Your instructions:
When a line below holds the string "City", show that line.

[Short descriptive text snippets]
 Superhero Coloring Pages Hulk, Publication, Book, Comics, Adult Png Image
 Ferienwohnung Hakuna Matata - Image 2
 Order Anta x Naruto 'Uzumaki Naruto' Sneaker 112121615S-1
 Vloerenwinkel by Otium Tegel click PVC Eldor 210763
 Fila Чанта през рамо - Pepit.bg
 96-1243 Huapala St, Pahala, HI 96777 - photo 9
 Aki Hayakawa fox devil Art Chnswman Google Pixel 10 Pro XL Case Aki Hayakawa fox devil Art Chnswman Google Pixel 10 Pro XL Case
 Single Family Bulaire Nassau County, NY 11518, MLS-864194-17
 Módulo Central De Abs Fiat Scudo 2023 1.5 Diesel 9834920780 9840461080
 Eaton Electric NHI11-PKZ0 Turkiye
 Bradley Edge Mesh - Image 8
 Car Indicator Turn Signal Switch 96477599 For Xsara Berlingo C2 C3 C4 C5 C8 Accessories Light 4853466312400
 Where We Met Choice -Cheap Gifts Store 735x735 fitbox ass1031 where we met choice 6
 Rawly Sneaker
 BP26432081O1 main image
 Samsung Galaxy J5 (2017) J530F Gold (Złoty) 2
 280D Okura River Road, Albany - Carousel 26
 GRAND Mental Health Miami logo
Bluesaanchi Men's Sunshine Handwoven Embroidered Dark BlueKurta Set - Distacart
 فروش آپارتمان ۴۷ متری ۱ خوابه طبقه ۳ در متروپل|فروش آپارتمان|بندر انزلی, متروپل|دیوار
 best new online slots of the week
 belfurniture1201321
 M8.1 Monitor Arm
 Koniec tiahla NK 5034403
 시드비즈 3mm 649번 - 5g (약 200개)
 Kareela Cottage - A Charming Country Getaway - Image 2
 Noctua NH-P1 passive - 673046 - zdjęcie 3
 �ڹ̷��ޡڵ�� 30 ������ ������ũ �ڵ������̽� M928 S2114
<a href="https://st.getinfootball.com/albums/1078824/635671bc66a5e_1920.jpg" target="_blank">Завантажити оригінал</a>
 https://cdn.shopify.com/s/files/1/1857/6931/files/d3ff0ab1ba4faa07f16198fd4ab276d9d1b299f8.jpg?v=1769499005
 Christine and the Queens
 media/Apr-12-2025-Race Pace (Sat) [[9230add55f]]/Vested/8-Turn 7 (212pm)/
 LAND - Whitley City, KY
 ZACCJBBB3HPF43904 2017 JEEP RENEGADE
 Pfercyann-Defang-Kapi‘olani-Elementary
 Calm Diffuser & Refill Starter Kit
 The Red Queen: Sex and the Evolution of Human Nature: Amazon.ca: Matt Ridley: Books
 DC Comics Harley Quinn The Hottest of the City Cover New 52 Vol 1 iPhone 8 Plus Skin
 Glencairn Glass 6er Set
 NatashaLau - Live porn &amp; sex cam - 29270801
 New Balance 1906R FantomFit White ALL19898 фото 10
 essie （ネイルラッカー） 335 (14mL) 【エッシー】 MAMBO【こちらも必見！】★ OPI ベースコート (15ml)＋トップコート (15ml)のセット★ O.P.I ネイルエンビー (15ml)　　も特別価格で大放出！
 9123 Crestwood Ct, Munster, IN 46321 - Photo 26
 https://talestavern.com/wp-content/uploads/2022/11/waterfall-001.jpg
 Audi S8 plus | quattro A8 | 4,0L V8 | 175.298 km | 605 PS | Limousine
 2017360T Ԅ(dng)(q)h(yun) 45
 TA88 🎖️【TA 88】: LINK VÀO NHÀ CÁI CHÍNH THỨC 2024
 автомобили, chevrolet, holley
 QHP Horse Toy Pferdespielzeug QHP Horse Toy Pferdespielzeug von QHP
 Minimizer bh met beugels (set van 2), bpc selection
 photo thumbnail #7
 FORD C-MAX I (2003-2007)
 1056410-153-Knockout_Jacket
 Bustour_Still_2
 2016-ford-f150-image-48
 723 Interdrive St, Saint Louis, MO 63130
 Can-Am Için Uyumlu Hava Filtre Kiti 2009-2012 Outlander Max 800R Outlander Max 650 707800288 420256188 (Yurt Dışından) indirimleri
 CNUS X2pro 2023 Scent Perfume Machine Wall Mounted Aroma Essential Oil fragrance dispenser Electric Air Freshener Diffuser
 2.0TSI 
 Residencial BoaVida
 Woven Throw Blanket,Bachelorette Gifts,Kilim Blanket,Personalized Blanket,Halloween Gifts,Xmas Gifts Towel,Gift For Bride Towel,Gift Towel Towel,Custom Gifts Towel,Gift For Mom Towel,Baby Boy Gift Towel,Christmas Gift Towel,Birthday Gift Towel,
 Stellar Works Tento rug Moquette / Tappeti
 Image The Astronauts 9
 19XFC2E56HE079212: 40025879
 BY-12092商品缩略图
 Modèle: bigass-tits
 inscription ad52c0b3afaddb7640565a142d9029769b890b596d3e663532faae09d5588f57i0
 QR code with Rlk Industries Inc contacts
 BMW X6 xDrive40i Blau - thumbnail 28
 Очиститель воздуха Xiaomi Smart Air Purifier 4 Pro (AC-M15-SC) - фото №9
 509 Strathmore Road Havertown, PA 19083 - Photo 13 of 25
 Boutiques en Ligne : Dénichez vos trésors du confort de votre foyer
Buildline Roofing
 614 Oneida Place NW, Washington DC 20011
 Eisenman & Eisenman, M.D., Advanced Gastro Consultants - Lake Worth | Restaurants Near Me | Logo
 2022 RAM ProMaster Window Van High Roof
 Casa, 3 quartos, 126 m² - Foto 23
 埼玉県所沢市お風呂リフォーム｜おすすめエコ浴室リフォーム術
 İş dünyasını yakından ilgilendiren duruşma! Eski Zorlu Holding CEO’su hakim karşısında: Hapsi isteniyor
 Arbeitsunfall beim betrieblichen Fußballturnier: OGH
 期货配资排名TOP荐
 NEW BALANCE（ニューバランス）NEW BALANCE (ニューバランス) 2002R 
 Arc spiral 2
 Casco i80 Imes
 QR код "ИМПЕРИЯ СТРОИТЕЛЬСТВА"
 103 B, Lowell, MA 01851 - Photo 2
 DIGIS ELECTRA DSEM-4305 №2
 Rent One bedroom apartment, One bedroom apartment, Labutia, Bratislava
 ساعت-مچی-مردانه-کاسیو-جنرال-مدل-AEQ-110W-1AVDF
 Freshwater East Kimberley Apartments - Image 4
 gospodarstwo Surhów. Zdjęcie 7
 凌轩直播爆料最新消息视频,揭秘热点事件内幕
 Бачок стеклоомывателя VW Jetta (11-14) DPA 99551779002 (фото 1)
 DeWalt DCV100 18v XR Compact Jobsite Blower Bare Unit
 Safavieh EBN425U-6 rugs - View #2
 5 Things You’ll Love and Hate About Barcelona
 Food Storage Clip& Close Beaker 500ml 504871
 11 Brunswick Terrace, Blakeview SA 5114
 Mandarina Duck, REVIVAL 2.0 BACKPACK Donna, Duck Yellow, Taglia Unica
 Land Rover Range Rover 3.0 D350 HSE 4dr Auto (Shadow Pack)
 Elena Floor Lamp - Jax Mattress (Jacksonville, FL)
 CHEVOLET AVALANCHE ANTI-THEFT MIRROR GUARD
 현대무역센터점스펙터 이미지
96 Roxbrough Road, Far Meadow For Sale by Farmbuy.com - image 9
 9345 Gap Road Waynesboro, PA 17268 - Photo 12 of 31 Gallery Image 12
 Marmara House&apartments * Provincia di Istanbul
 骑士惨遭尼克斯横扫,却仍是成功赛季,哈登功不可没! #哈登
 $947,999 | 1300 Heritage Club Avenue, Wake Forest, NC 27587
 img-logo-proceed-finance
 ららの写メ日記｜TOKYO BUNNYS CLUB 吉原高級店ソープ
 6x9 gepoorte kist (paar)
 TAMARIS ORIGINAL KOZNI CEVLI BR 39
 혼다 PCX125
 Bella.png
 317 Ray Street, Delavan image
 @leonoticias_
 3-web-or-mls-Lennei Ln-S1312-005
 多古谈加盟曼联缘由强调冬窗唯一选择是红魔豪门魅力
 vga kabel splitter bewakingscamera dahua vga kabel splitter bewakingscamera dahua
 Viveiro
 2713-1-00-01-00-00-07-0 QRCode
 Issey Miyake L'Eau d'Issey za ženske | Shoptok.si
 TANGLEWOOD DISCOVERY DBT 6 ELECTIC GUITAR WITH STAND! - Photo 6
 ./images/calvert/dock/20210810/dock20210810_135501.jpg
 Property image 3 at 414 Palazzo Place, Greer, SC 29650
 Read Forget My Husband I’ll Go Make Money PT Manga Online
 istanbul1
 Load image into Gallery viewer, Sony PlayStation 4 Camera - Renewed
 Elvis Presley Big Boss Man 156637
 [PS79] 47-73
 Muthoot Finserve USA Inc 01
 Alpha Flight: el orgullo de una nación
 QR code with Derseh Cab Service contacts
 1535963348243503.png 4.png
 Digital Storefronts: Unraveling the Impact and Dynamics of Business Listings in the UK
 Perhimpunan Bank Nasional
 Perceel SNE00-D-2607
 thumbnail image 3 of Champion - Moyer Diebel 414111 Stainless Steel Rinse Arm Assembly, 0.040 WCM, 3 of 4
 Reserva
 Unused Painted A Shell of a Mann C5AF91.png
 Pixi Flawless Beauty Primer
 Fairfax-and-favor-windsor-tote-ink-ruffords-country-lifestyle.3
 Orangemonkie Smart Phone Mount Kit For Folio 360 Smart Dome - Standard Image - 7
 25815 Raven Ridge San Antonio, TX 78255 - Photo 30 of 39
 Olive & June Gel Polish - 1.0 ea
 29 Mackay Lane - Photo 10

Response below:
 LAND - Whitley City, KY
 DC Comics Harley Quinn The Hottest of the City Cover New 52 Vol 1 iPhone 8 Plus Skin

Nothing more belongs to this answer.